Christian Hebraists needed to reconcile different definitions of citizenship within the new nation-state. For example, Paul the Apostle is identified as a Jew by birth, or by the participation of family and kin, or a Roman by location and the ruling government, and then finally a Christian or a universalist (Catholic), by self-definition. The Hebraists added, as had the Jews, the identification to a land within specified borders. And within those borders certain laws applied to its inhabitants, although in different ways, according to their status. There are three categories of inhabitant: the “native born…the resident alien who resides permanently in the land… and the foreigner.” Thus, another characteristic of Hebraism is that a people and a (holy) land go together, with a legal system that binds them to it. Jews in the land would be obligated by civil and Jewish law, and the resident alien and foreigner only by the former. Finally, the fact that a person could convert to Judaism allowed for the full and complete integration, from a legal standpoint, into the body politic, as if the convert were native born. This is the power of law that is found at the center of Western civilization, particularly in modern times.

Coke and Selden understood that law is also to be understood as part of a nation’s history.

In making the case for the category of Hebraism, Grosby closes the argument noting that while all of this is rather dialectical, in fact no synthesis may be in the offering. We are beings of this world, governed by our own laws and those of God. Which is to say, these conceptual tensions “…arise because national sovereignty coexists with monotheism, resulting in a paradoxical national monotheism, or, as described previously, monolatrous monotheism.” We recognize both our power and our weakness, even more so now that we know the vastness of the heavens.

I will note one possible small omission that Grosby might have mentioned.
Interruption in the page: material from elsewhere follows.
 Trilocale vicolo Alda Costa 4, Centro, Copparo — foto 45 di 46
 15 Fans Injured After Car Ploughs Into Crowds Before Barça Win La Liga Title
It seems that the Jewish Sanhedrin might be viewed as a proto-formulation of a parliament or parliamentary body. Is there any Old Testament influence in this development? While it is unclear exactly what its formulation and purview was, the Sanhedrin certainly seems to have been a democratic body of sorts whose duties included law, religious matters, legislation, and the election of high leadership, both secular—–a king, and religious- the high priest.

Having said this, the scholarship and erudition on display in this book is formidable. The language is elegant and the arguments are long yet precise. All avenues are pursued to make the case that Hebraism, or more precisely, Christian Hebraism, the third culture, is a potent rubric for exploration of modernity. And a very strong case it is.